Hacker News new | ask | show | jobs
by davepeck 1014 days ago
This is neat, thanks. I was looking at your HN OPML file on GitHub [0] and noticed that the `xmlURL` and `htmlURL` attributes are the same for each entry; the `htmlURL` currently points to the feed rather than the site. Do you happen to have the original HTML URLs available? Would be nice to have both.

(Secondarily, I'm guessing some of the `type` attributes should probably be "atom" rather than "rss"?)

[0] https://github.com/outcoldman/hackernews-personal-blogs/blob...

1 comments

> I was looking at your HN OPML file on GitHub [0] and noticed that the `xmlURL` and `htmlURL` attributes are the same for each entry; the `htmlURL` currently points to the feed rather than the site. Do you happen to have the original HTML URLs available? Would be nice to have both. (Secondarily, I'm guessing some of the `type` attributes should probably be "atom" rather than "rss"?)

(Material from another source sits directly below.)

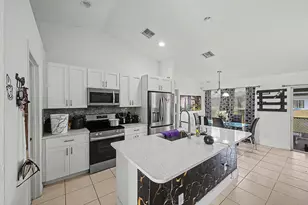 2900 W 42nd St Street W, Lehigh Acres, FL 33971 - Photo 13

I'm just using the file that someone else made, but I guess they didn't really make the distinction between those URLs in the code, though it shouldn't be too hard to modify: https://github.com/outcoldman/hackernews-personal-blogs/blob...

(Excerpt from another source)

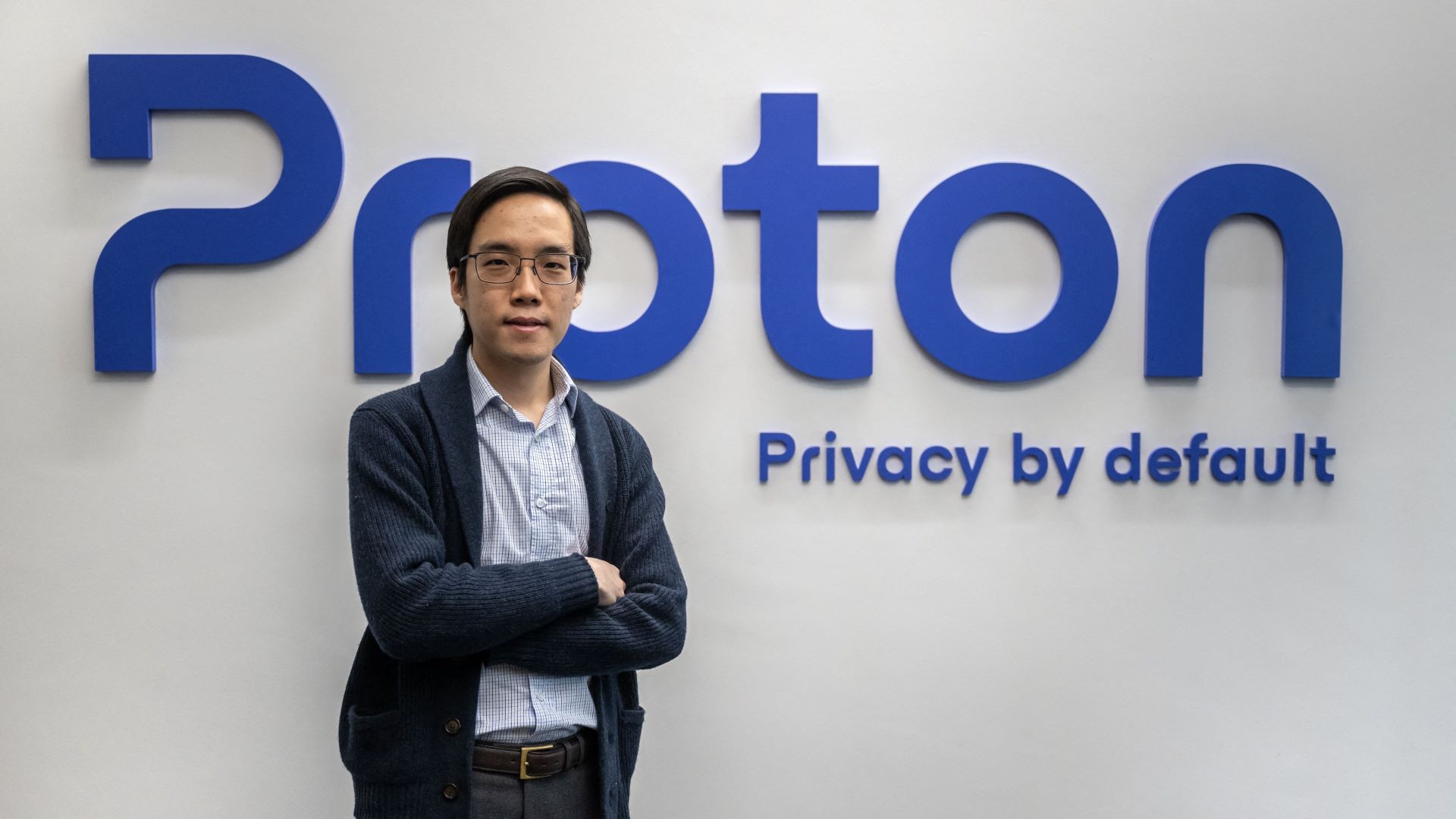 “No Apple tax means we will lower prices” - Proton promises price drop after US ruling against Apple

It is also true that there are both RSS, Atom and possibly other feed types mixed in there. What I did for my site was to crawl through all of those feeds and process them one by one: get all of the posts, do some ordering and grouping and output everything as RSS feeds in a consistent format.

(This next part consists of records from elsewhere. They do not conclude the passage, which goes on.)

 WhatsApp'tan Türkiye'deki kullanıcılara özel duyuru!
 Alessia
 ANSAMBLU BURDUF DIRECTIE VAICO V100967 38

For example, here's the top 100 user feeds for 2023: https://hn-blogs.kronis.dev/feed-top100.xml

Those have HTML links for each of the posts, though I'm afraid it's not exactly what you're asking for (the HTML URLs for the sites/feeds themselves), because I don't actually store that anywhere in my case, though the original feeds of the sites should have that information too.